START Given material

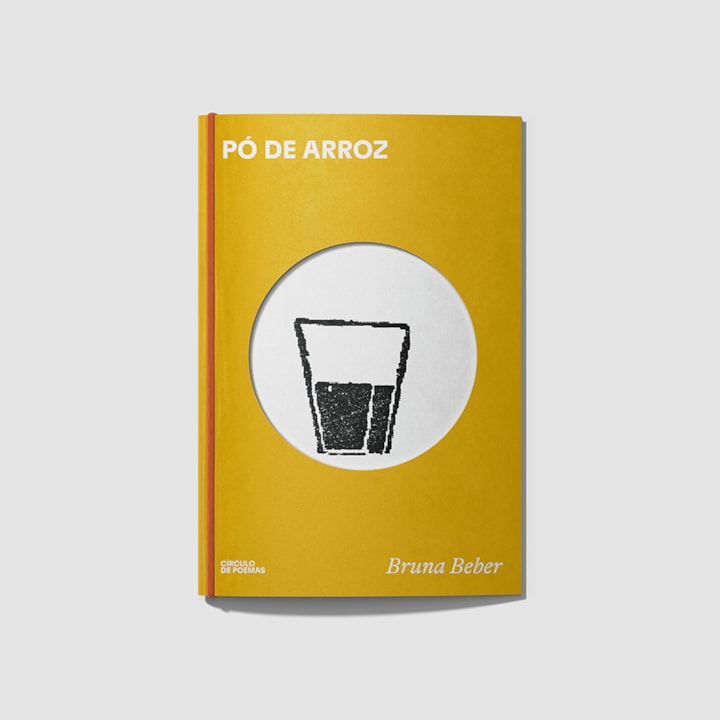 Pó de arroz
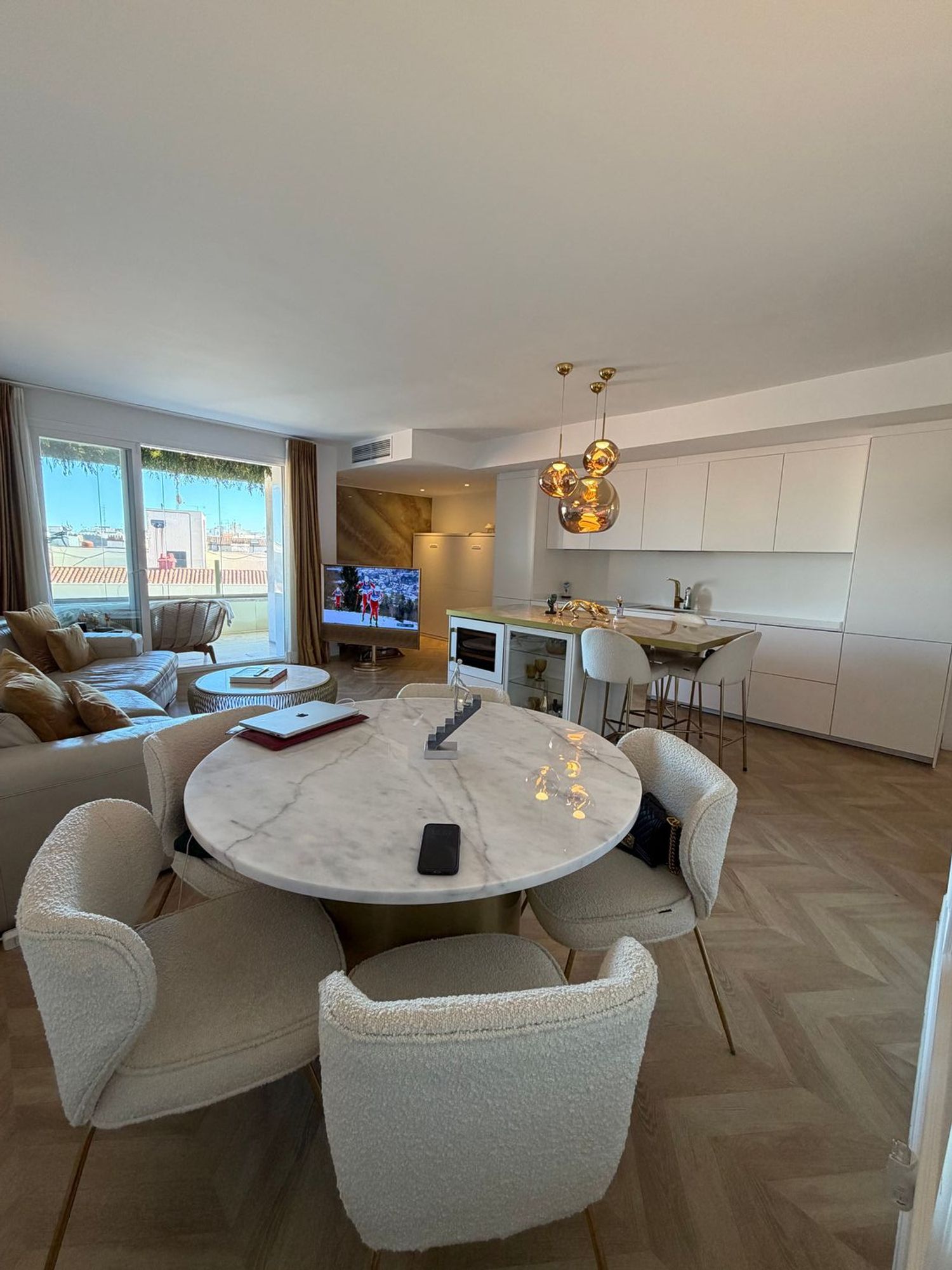 Ático en avenida de Menéndez Pelayo, 3 - Foto 12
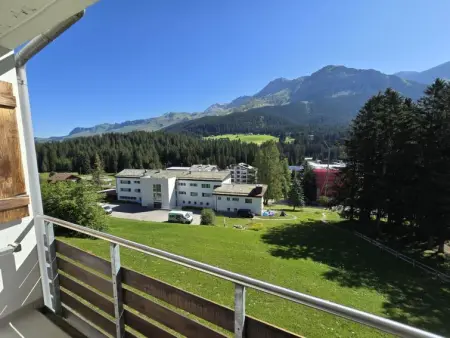 Casa Fadail Seura 11, Appartement 4 personnes à Lenzerheide - Photo 1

END Given material

Brief: When you restate the listing above, give each line word for word but leave out every image.

Response area:
 Pó de arroz
 Ático en avenida de Menéndez Pelayo, 3 - Foto 12
 Casa Fadail Seura 11, Appartement 4 personnes à Lenzerheide - Photo 1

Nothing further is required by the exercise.